AIM OF THE TASK: The listing below holds pictures; exclude them. Return exactly the lines from the one with "Mind and Body" through the one with "On transabdominal imaging".

EXERCISE MATERIAL:
= Beginning of Section =

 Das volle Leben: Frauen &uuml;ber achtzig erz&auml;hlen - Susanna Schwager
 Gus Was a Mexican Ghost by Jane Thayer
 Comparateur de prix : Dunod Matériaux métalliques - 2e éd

= End of Section =
= Beginning of Section =

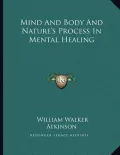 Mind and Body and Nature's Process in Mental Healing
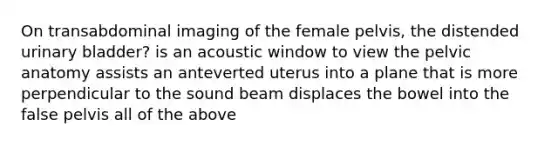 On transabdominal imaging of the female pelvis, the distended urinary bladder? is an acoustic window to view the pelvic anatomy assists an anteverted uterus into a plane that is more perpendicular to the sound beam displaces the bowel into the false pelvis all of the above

= End of Section =
= Beginning of Section =

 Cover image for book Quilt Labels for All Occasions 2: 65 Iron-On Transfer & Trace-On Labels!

= End of Section =

RESPONSE AREA:
 Mind and Body and Nature's Process in Mental Healing
 On transabdominal imaging of the female pelvis, the distended urinary bladder? is an acoustic window to view the pelvic anatomy assists an anteverted uterus into a plane that is more perpendicular to the sound beam displaces the bowel into the false pelvis all of the above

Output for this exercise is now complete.